Below are the records; extract from them the line containing "Welcome back from" to the line containing "At the top of", both lines included, exactly and with no pictures.

_ _ _ _ _ _ _

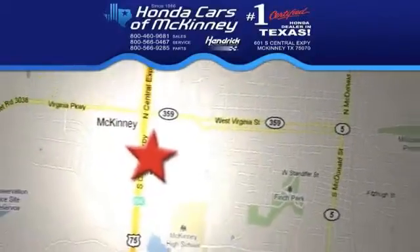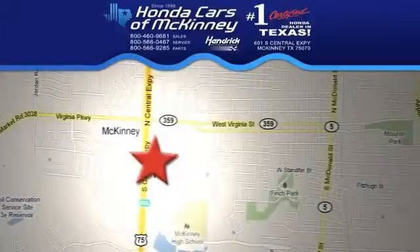Stop in today. We're conveniently located on Highway 75, northbound exit 40A in McKinney.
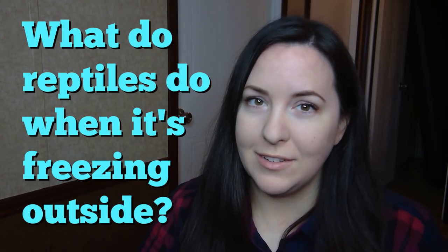Alright, hi guys! Welcome to the channel. My name is Jenny. I want to talk about a topic some people have been asking me about due to the recent cold weather we're having in the United States, and that is: what do reptiles do when it's freezing outside?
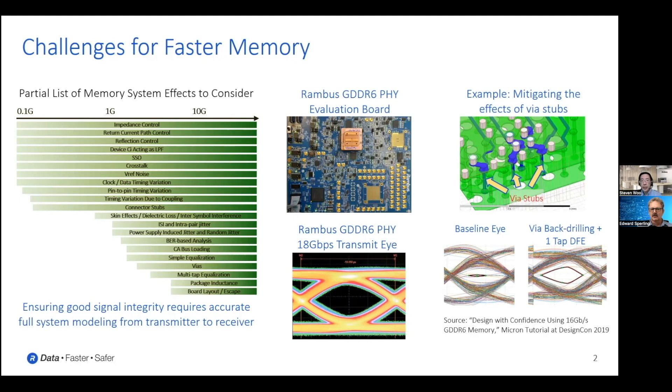So a lot of the physical implementation aspects are an important limiter. What they're showing is that in this particular case, via stubs were getting to be an important limiter in the signal integrity. You can see on the two eyes at the bottom right, the baseline eye is basically closed — because there were some limitations in the way that channel was actually implemented. But through some basic and known techniques — via back drilling and then using one tap of decision feedback equalization (DFE) — they were actually able to open up those eyes. Through known techniques, there are ways to continue improving the data rate and opening those eyes.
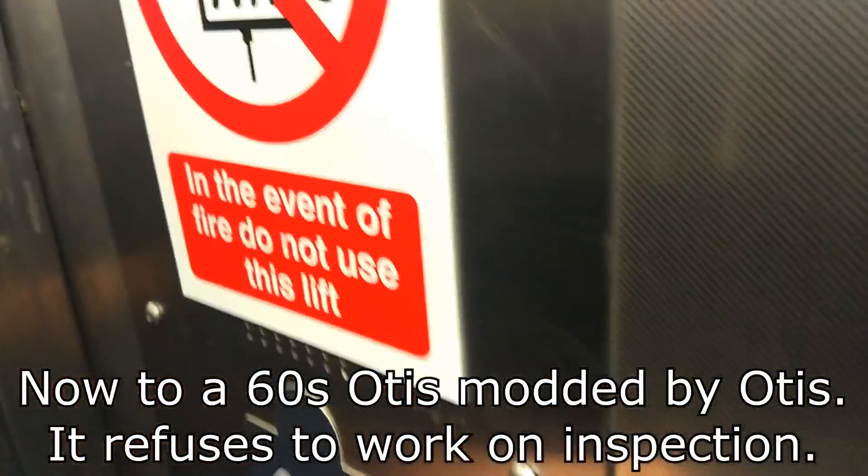Oh my gosh, this is so old. A cone - a Koenigsen. A cone floor.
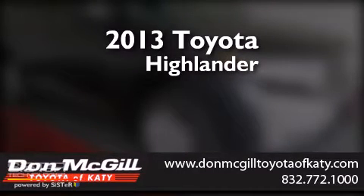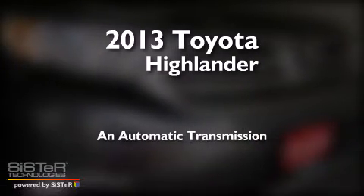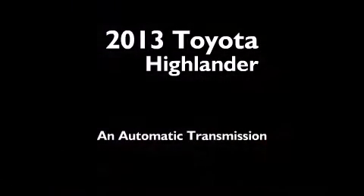This is a brand new 2013 Toyota Highlander. This crossover has an automatic transmission and a V6.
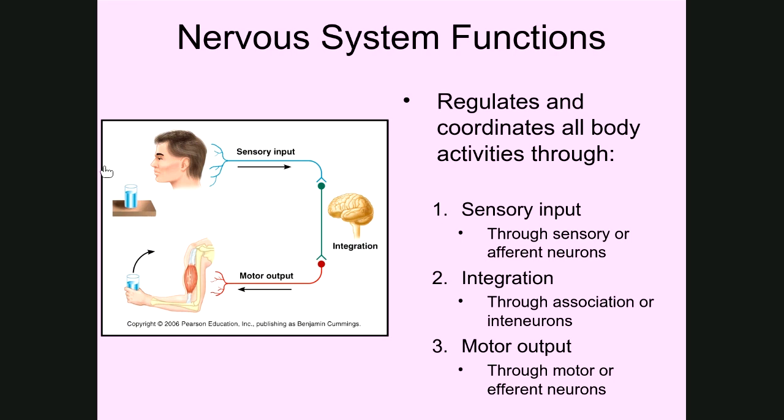The second thing the nervous system does is a process known as integration. Integration happens entirely within the brain and spinal cord, occurring through what are known as association neurons or interneurons. This is where we make a decision or process the sensory information coming in. The visual input gets taken by neurons back to the brain, where information is processed through these interneurons — that's integration.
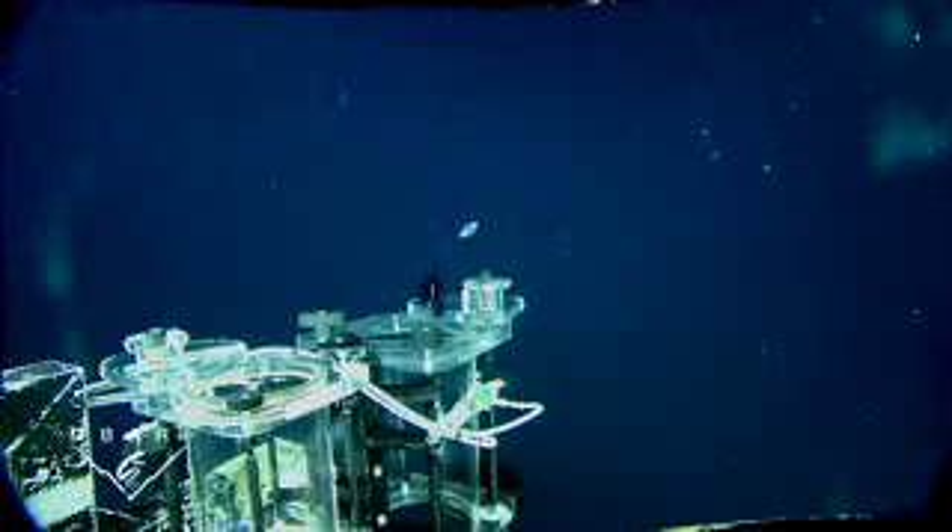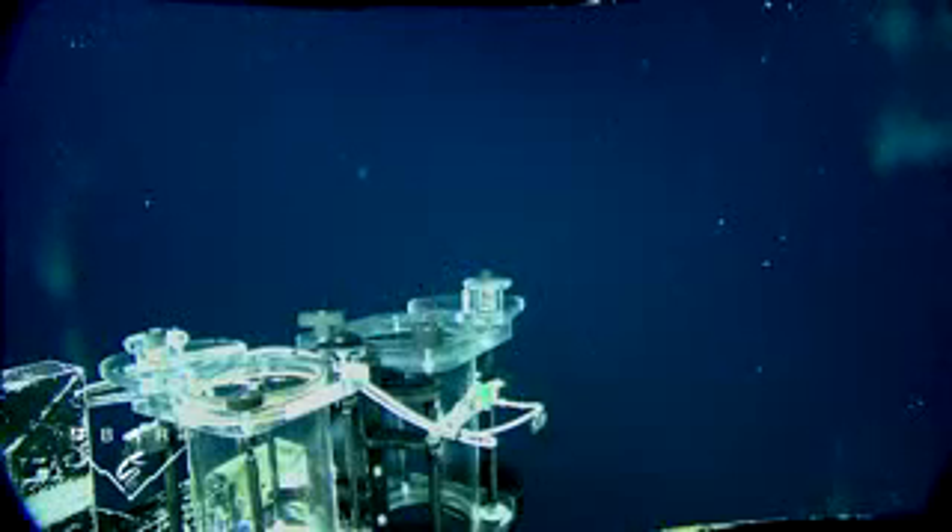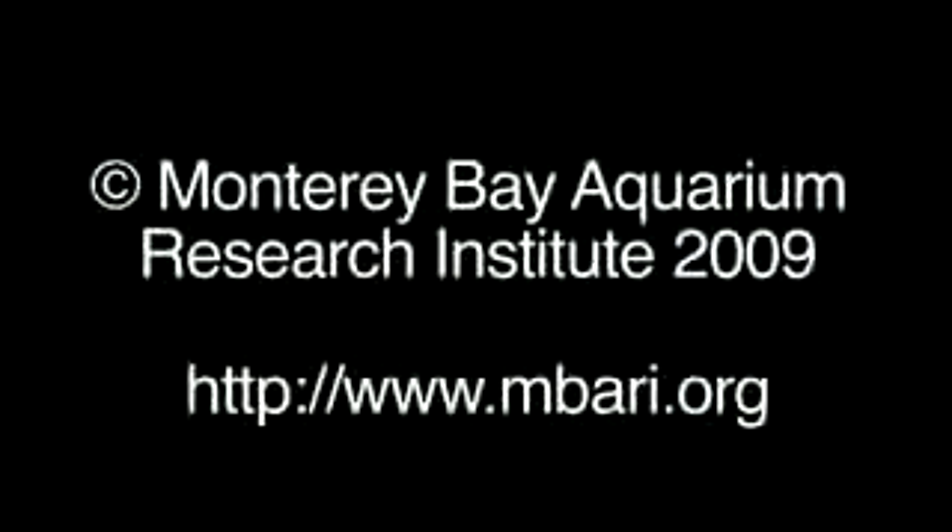It can also rotate its eyes to avoid predators, or to avoid being captured by scientists. This is Bruce Robeson at the Monterey Bay Aquarium Research Institute.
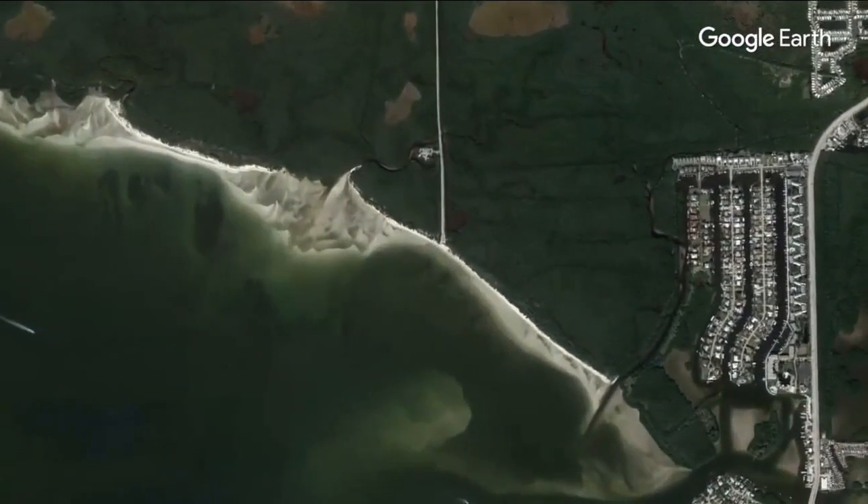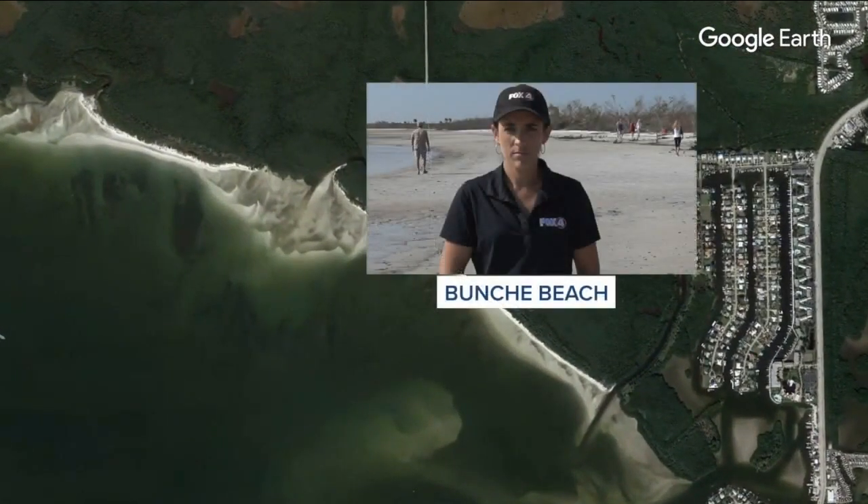Welcome back from the break tonight. We are continuing our team coverage of red tide in southwest Florida right now. Our last report was on Sanibel Island, where multiple tests have come back with medium or high amounts of red tide. But as you can see, we are now moving inland along the Caloosahatchee River, where Fox 4's Caitlin Knapp is joining us tonight.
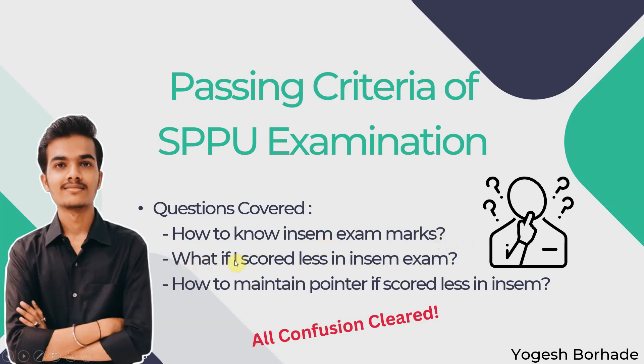The second question — what if I scored less in the INSEM examination — has been discussed: you have to cover that shortfall in the ENDSEM. And to maintain your pointer if you scored less in INSEM, obviously you have to perform well in the ENDSEM so your pointer does not fall. You should aim to maintain your pointer around 8 or 7+, which will be helpful for your placements.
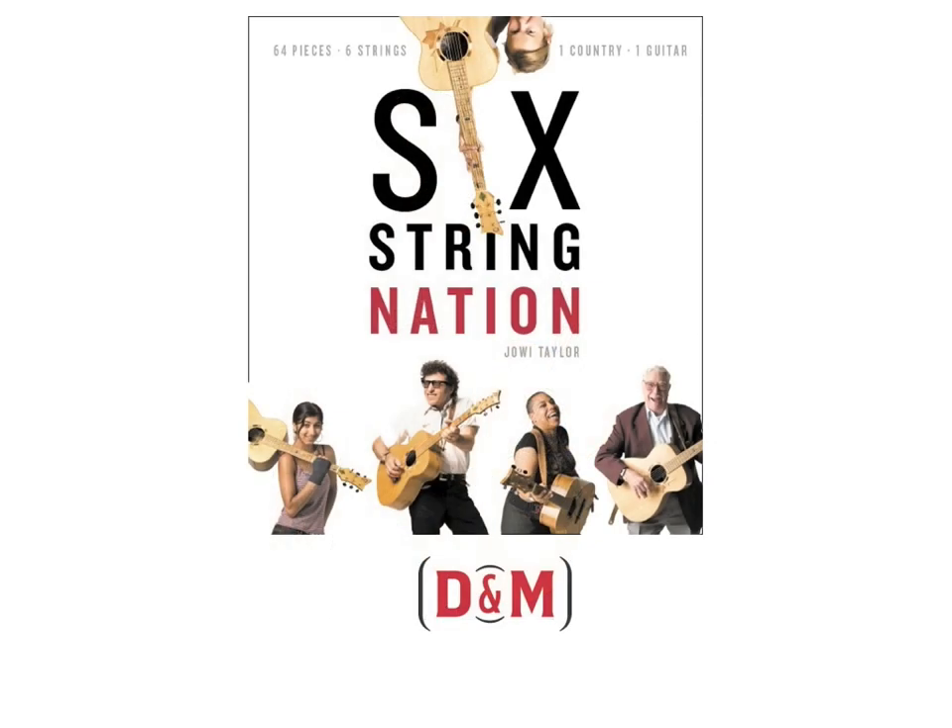Hi, I'm Joey Taylor, and I'd like to tell you a little bit about my new book for Douglas and McIntyre called Six String Nation — 64 pieces, six strings, one Canada, one guitar. In part, it's the story of an 11-year journey to create something unique in the world, and in part, it's a portrait of Canada.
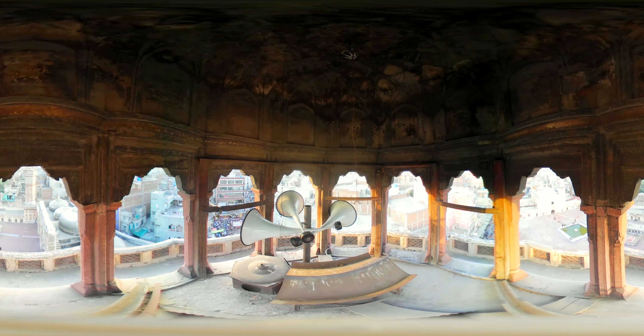At the top of the minaret, one can see the breathtaking view of the Kashmiri Bazaar and beyond.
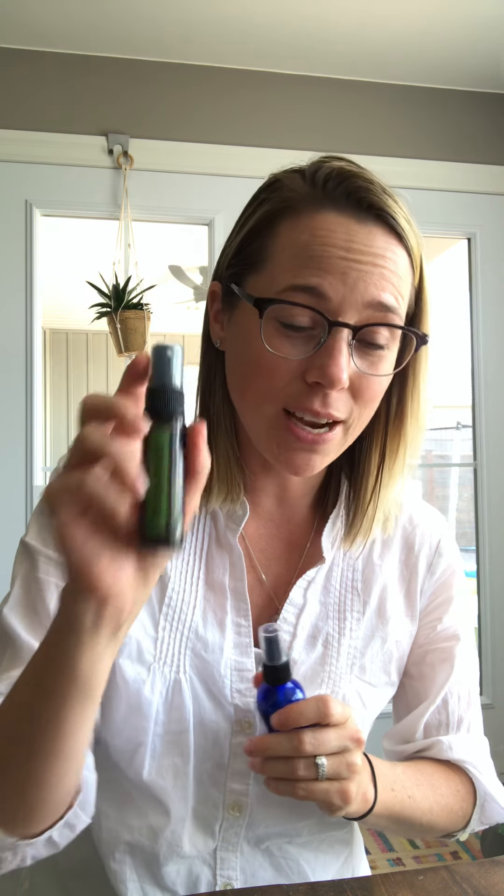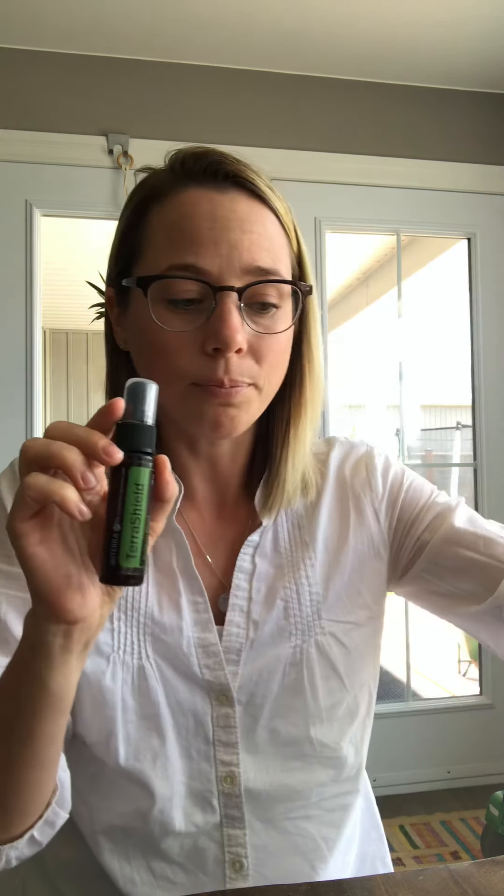Bug spray is a huge one — I make my own. Depending on whether bugs love you or not, a good standard recipe is just lemongrass, eucalyptus, and TerraShield — about 15 drops mixed in a 2ml bottle. I'll link that recipe. doTERRA's TerraShield repellent spray is also on sale this month, so you can definitely just use that one. A lot of people say they go through it fast, which is fine — just reuse the bottle. And lemongrass is really good for ticks as well, which is a big thing while camping and out in the wilderness.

_ _ _ _ _ _ _

== SOLUTION FOR THIS TASK ==
Welcome back from the break tonight. We are continuing our team coverage of red tide in southwest Florida right now. Our last report was on Sanibel Island, where multiple tests have come back with medium or high amounts of red tide. But as you can see, we are now moving inland along the Caloosahatchee River, where Fox 4's Caitlin Knapp is joining us tonight.
The second question — what if I scored less in the INSEM examination — has been discussed: you have to cover that shortfall in the ENDSEM. And to maintain your pointer if you scored less in INSEM, obviously you have to perform well in the ENDSEM so your pointer does not fall. You should aim to maintain your pointer around 8 or 7+, which will be helpful for your placements.
Hi, I'm Joey Taylor, and I'd like to tell you a little bit about my new book for Douglas and McIntyre called Six String Nation — 64 pieces, six strings, one Canada, one guitar. In part, it's the story of an 11-year journey to create something unique in the world, and in part, it's a portrait of Canada.
At the top of the minaret, one can see the breathtaking view of the Kashmiri Bazaar and beyond.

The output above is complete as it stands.